In a chapter devoted to a survey of the results of the current scientific investigation on the great apes, after illustrating the evidences of the complexity of their social life and of the extent of their cognitive capacities, Corbey turns his attention to the recent movement to grant fundamental legal rights to these close evolutionary relatives of ours. In doing so, he does not confine himself to describing an ongoing social process, but also refers to an initiative, the Great Ape Project3, in which he has personally participated, subscribing, together with such scholars as Toshisada Nishida, Takayoshi Kano, Jane Goodall and Richard Dawkins, the demand for a first extension of basic equality to chimpanzees, gorillas and orang-utans.

What this move amounts to is an epistemic and normative assumption of the perspective of these beings at its most basic level, concerning the intentional relationship which, as agents, they have with their goals and with the means by which to pursue them-a relationship that can be substantiated only insofar as they are not deprived of their life, well-being and freedom. With this ethical gesture, and with this anti-dualist choice, Corbey picks up all the threads of his discourse.
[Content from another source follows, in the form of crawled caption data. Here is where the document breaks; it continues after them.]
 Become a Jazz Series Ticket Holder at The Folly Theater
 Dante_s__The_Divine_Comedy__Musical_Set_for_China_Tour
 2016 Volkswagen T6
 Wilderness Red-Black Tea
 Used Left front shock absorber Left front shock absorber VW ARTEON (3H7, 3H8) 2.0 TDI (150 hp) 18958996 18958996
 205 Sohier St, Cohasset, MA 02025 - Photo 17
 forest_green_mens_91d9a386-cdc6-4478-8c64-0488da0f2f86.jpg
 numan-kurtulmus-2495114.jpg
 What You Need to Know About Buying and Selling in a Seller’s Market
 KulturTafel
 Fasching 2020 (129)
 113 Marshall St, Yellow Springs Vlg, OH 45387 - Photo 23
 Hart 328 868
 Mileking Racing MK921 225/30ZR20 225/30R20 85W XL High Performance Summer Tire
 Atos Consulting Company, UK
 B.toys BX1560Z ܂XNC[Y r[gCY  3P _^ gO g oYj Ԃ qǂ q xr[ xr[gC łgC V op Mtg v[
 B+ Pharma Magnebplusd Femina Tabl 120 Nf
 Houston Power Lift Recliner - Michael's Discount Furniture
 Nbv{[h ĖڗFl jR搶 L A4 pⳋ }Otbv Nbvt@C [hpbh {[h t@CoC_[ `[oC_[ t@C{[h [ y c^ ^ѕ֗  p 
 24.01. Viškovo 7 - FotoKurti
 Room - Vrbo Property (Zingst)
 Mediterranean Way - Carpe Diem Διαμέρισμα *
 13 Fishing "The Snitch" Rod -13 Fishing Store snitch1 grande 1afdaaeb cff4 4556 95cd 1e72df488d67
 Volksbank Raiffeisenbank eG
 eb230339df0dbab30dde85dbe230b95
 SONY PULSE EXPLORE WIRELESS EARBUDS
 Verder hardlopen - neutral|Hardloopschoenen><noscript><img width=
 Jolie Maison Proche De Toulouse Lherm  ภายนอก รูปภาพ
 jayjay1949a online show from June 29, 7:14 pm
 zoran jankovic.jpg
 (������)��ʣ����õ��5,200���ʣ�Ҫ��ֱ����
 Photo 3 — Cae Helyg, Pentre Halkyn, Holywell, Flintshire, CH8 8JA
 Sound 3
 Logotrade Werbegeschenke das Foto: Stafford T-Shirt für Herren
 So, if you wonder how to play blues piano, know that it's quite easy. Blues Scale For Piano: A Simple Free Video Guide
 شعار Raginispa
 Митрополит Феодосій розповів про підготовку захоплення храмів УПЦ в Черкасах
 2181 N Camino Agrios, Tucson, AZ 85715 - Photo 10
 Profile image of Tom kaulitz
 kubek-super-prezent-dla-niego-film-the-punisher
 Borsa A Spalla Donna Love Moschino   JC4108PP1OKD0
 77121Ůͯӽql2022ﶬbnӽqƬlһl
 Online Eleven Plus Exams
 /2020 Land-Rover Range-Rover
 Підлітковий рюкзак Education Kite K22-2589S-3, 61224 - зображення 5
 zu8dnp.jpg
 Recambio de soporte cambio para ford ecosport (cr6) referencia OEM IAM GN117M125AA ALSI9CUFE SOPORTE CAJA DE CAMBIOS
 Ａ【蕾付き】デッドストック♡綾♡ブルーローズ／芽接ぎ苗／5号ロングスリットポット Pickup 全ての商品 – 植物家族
For in this way the great apes, once redeemed from the condition to which they are now relegated, may become the much sought-after missing links in a new and more positive key: "[Not] primarily as evolutionary links in an 'ascent' to civilization, but as go-betweens and mediators between humans and other animals, philosophically, scientifically and morally".

REFERENCES

  1. Hume D 1978. A Treatise of Human Nature. Oxford University Press, Oxford.
  2. Putnam H 1987. The Many Faces of Realism. Open Court, LaSalle, Ill.
  3. Cavalieri P, Singer P (eds) 2001. The Great Ape Project. St Martins Press, New York.